''İki füze üstümüze doğru geliyordu''

Türkiye’yi yasa boğan ‘Muavenet’ faciasını yaşayan gözcü er Hakverdi Aydın, o geceyi anlattı.

NATO tatbikatında ABD uçak gemisi USS Saratoga’dan atılan 2 füze ile 5 denizcimizin şehit edildiği TCG Muavenet gemisinin gözcü eri Hakverdi Aydın 26 yıl önceki tüm Türkiye’yi yasa boğan faciayı anlattı: “İki füzenin bize doğru geldiğini gören ilk kişiydim. Ama yapacak hiçbir şey yoktu. Beni sedyede taşıyan ABD’li asker ağlıyordu.

USS Saratoga’dan kasıtlı olarak ateşlendiği düşünülen füzelerle vurulan TCG Muavenet muhribi ve 5 şehit denizci 26 yıl sonra hatırlanıyor. NATO’nun Ege Denizi’nde 1992 yılında düzenlediği Kararlılık 92 tatbikatına Türk Deniz Kuvvetleri adına TCG Muavenet ile TCG Kılıç Ali Paşa muhripleri katılmıştı.

SEA SPARROW FÜZELERİ

Sakız Adası açıklarında süren tatbikatın son aşamasında 1 Ekim’i 2 Ekim’e bağlayan gece 5 bin personeli olan ABD uçak gemisi USS Saratoga’dan 2 adet Sea Sparrow füzesi atıldı. Oysa ki tatbikat uyarınca gemiler ‘Yeşil Periyot’ yani dinlenme aşamasındaydı ve gerçek mermilerle atış yapılması planlanmamıştı. O füzeler, Türk mayın döşeme muhribi TCG Muavemet’in kontrol merkezine isabet etti.

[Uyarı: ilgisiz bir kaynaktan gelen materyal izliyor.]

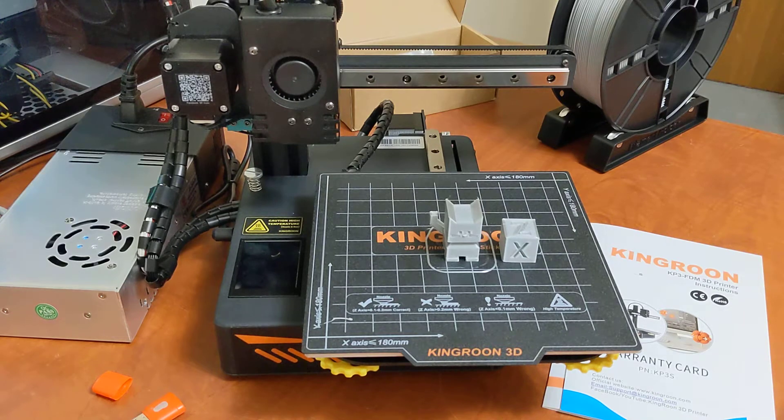A big standout for this printer which you don't see on many printers is Direct Drive. This does have a Titan Direct Drive extruder, which is very uncommon. There are pros and cons to Direct Drive versus Bowden for sure. However, I think especially for a beginner they can get way more out of this printer with Direct Drive, being that they can try out flexibles, TPU, Ninja Flex, that type of thing.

Gemi komutanı Kurmay Yarbay Kudret Güngör, uçaksavar yardımcı subayı Teğmen Alper Tunga Akan, Tesis Astsubayı Serkan Haktepe, İkmal Çavuşu Mustafa Kılıç ve er Recep Atak’ı öldüren füzeler, 20 askeri de yaraladı. O yaralı erlerden biri de Hakverdi Aydın’dı. Vücuduna isabet eden şarapnel parçaları nedeniyle hayatını sakat halde sürdüren Aydın, 26 yıl önceki o geceyi şöyle anlattı:

“Gemide yaklaşık 160 er vardı. Şehit olan Recep, benim bir alt tertibim ve çok iyi arkadaşımdı. Terhisime 1 aydan kısa süre vardı. Olay da tatbikatın bitme aşamasında oldu. Geminin sancak (sağ) tarafında gözcü erdim. Çok yakınımızdaki uçak gemisinin sancak baş omuzluktan ardı ardına iki ışığın yükseldiğini gördüm. Yapmam gereken gemidekilere tehlikeyi anons etmekti ama yetişemedim. Fırsat bile bulamadan füzeler isabet etti.”

ABD’Lİ ASKER AĞLADI

“Sea Sparrow, hedefe parçalanarak girer. Olduğum yerde savruldum, yere düştüm. Sanırım yarım saat sonra kendime geldim, kalkmak istedim ama kalkamadım. Çünkü kalça kemiğim femurdan parçalanmıştı.

Bir süre sonra bizi almaya ABD’li askerler geldi. Çünkü gemimiz dağılmıştı, bizim askerlerimiz ne olduğunu anlayamadan şehit olmuşlardı. Beni sedyeye koyan siyahi askerin ağladığını gördüm. Gözleri bizim suçsuz olduğumuzu ve yok yere saldırıya uğrağımızı anlatıyor gibiydi.

İzmir, Gölcük ve İstanbul’da 6 ay süren tedavilerim sonunda sakat kaldım. TCG Muavenet, ABD’nin ‘Pardon’ diyerek kapatabileceği basit bir olay değildir. Gerçek mermi kullanılması söz konusu bile değildi. Ateşlenmeleri için savaş durumunda ve kırmızı alarmda olmak, 3 kişiden onay almak, kilitleri açmak ve düğmeye basmak gerekiyordu. Değil 26, yüzyıllar geçse de unutulmaması gerekir.”